Managing the stress of Covid-19

Antoine Freeman, staff writer for the Durham VOICE and freshman at Voyager Academy.

By Antoine Freeman

            In early August a man in Pennsylvania was charged with shooting at an employee of a cigar shop.

This violence started when the cigar shop employee told the man, Adam Zaborowski, 35, to wear a mask. According to local news reports, Zaborowski allegedly fired shots at the store clerk and later, when confronted by police, fired at officers with an AK-47 assault rifle. After being shot by officers, leading to non-lethal injuries, he was arrested and taken into custody.

 It turns out Zaborowski was going through some very stressful times in his life. According to reports, he recently had lost his job because of Covid-19, had lost custody of his son and maybe even more things that we don’t know about.

Situations like this goes to show that Covid-19 can cause massive stress in the minds of the unlucky citizens who lost their jobs and loved ones, as well as everyone else dealing with the everyday stress of this pandemic.

I believe that if stress continues to build up in people, even here in Durham, it is possible for riots to occur, and that would just be complicating things even further than they already are.

The CDC has taken the stress people are getting from the Covid-19 pandemic into consideration and have put out a few tips for dealing with it. Some of the tips they provide are:

  • pause and notice how you feel
  • take a break from content (news, social media, etc.) that can be upsetting
  • take care of your body
  • stay connected
  • get help if you are overwhelmed.

One of the things that I do to avoid stress is hanging out with friends and family online, but if you can’t do that, then talking with your family is another option.

I talked to Lesle Williams, a clinical social worker at Atrium Health, who explained the “Three W’s” to me and why they’re important.
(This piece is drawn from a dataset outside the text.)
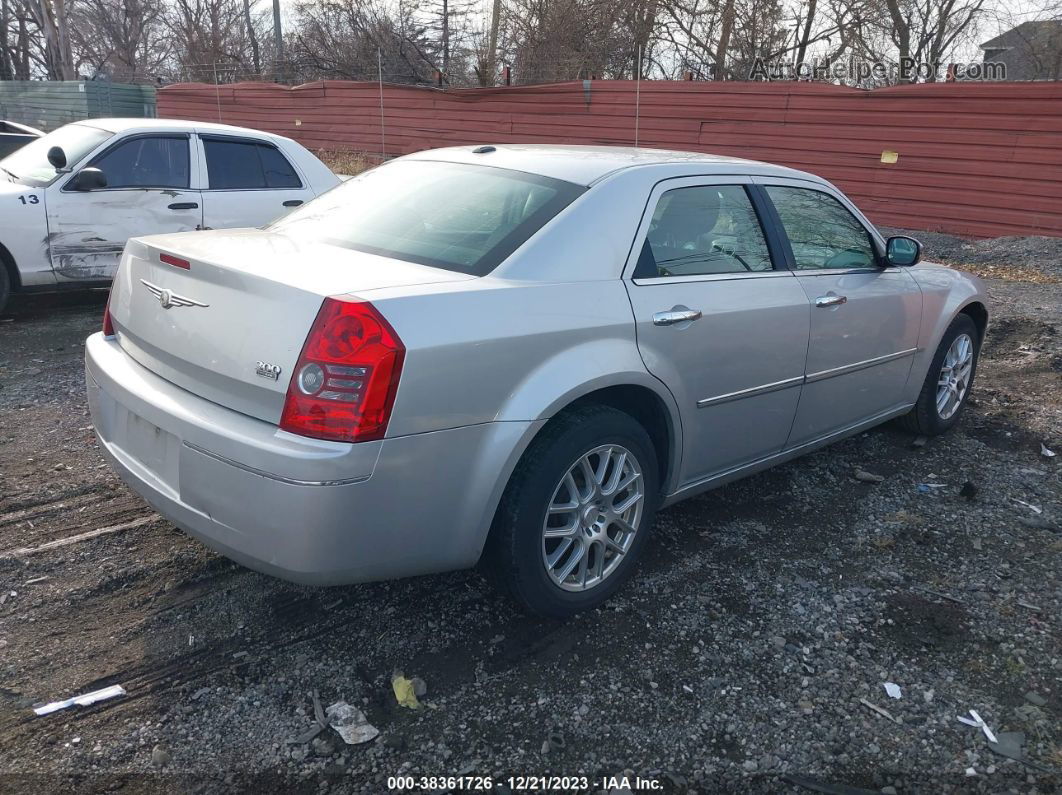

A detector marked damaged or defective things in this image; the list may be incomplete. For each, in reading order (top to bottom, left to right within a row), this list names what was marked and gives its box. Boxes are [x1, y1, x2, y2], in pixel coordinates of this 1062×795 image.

 Wear a mask. Wash your hands. Wait for six feet for social distancing.

“These three things are what is keeping you from spreading anything or other people from spreading anything to you, and it is what’s keeping the order in many of the stressful situations around the world,” she explained.

She also talked about how certain foods can increase stress, or it can be increased by eating too much.

“Eating more won’t help with stress during the pandemic,” Williams said. She also listed symptoms for people to be on the lookout for that are caused by stress, including a loss of concentration, anxiety and poor choices.

If any of these are showing up in your life you can go to the CDC “Stress and Coping” page listed above for more help. Also, for more local advice on how to keep your family safe during this time, visit the Durham-based nonprofit outpatient clinic, El Futuro’s website, to learn more.

            Like most people, I feel helpless at times during this pandemic. But if you make sure that you’re washing your hands, wearing a mask and distancing yourself from others, then it could help the community out of this situation a lot quicker. That would make me and many other people feel better.